ようやく落ち着きを見せたとはいえ、コロナ禍のさなか、横倉義武現会長に対し、クーデター的手法で中川俊男現副会長が出馬し、全国各地の両陣営では切り崩し工作が行われている。「かつての自民党総裁選並みに実弾が飛び交っている」とも噂される地域もあるぐらいだ。

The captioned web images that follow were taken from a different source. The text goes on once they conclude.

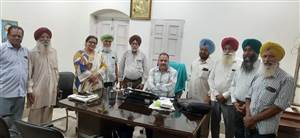 ਪੈਨਸ਼ਨਰਾਂ ਦਾ ਵਫਦ ਸੀਨੀਅਰ ਕਾਰਜਕਾਰੀ ਇੰਜੀਨੀਅਰ ਨੂੰ ਮਿਲਿਆ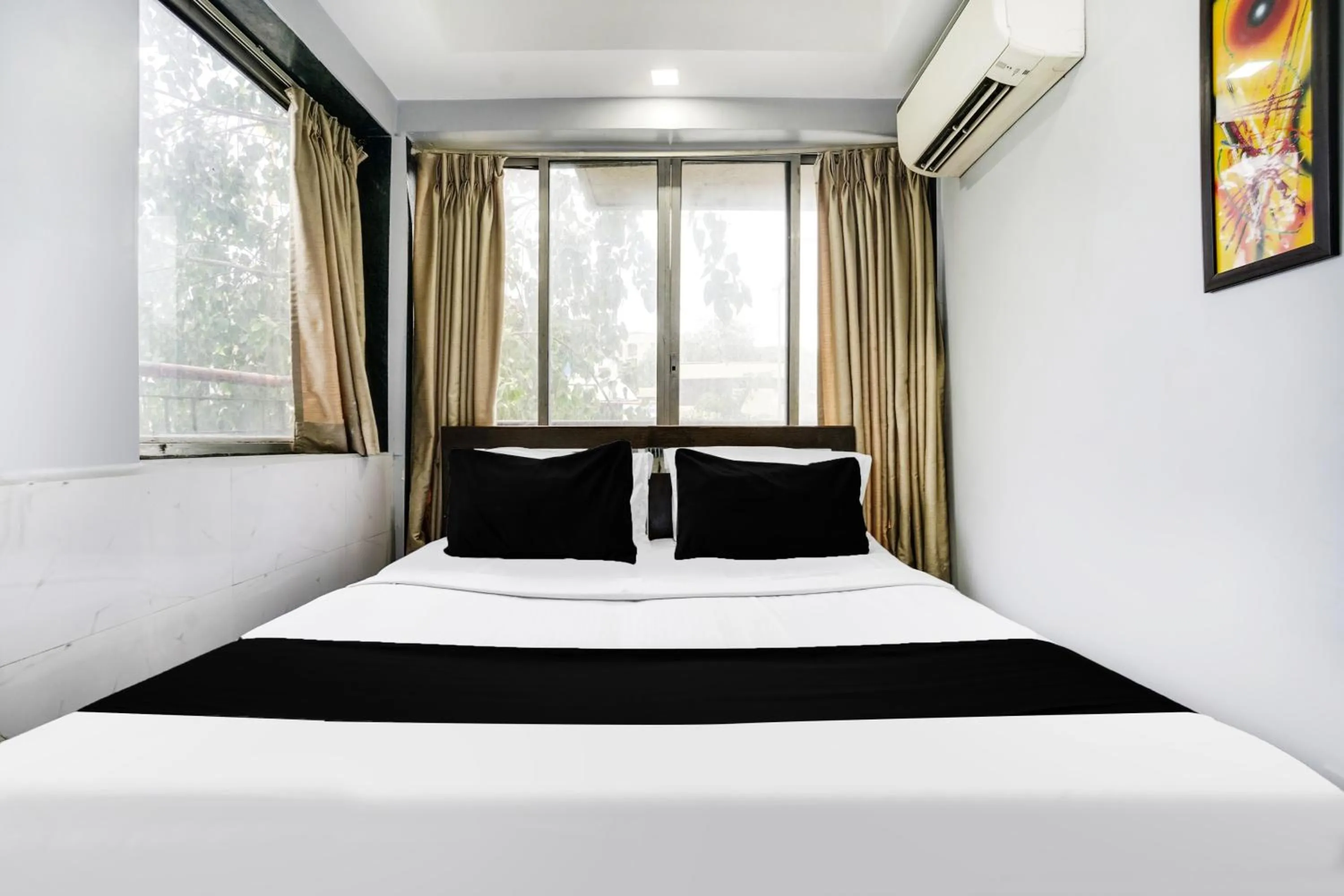 Bedroom, Bed in Super Collection O Andheri Near Mumbai Airport Formerly We Stay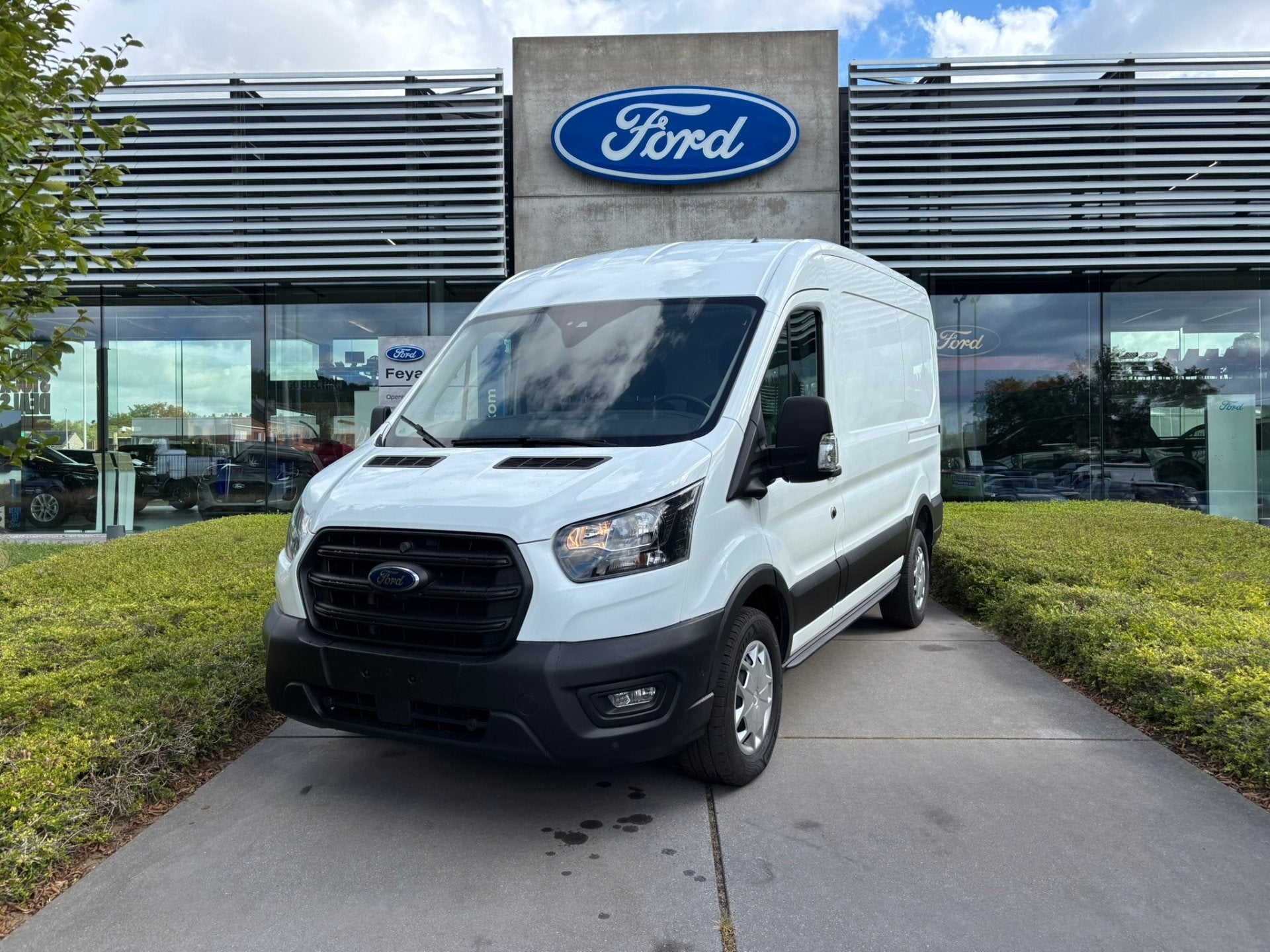 Ford Transit 330M L2H2 130PK (bj 2024), Auto's, Stof, Overige kleuren, 2500 kg, 131 pk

地方に住む中堅の医師会員はうんざりした様子で話し始めた。
「当初は“様子見”を決め込んでいた四国でさえ、完全に巻き込まれている。通常なら、現職の横倉会長で即決だったはず。横倉さんは、人格者として慕われているだけでなく、実績もあるし、政界・官界に広い人脈がある。本来なら争う余地はないんです。しかし、会長が立候補をちゅうちょしたことで、中川さんにアドバンテージを与えてしまった。そもそも中川さんは、3年前からひそかに横倉さんを出し抜いて、会長選出馬の準備をしていた。それでも“劣勢”なのですが……。必死の巻き返し工作をはかり、各県に“旗幟(きし)鮮明”を求めている。北海道に地盤のある中川さんと、福岡から出てきた横倉さん。われわれの間では“天下分け目の関ヶ原”とやゆされています」
ただ、そう解説した後ですぐに「横田さん、東京だから様子わかるでしょう? 東京の票読みがわかったら教えて」と、付け加えることを忘れなかった。その言葉からは、情勢次第では、勝ち馬に乗りたいという意図が透けていて、おかしくもあり怖さも感じられた。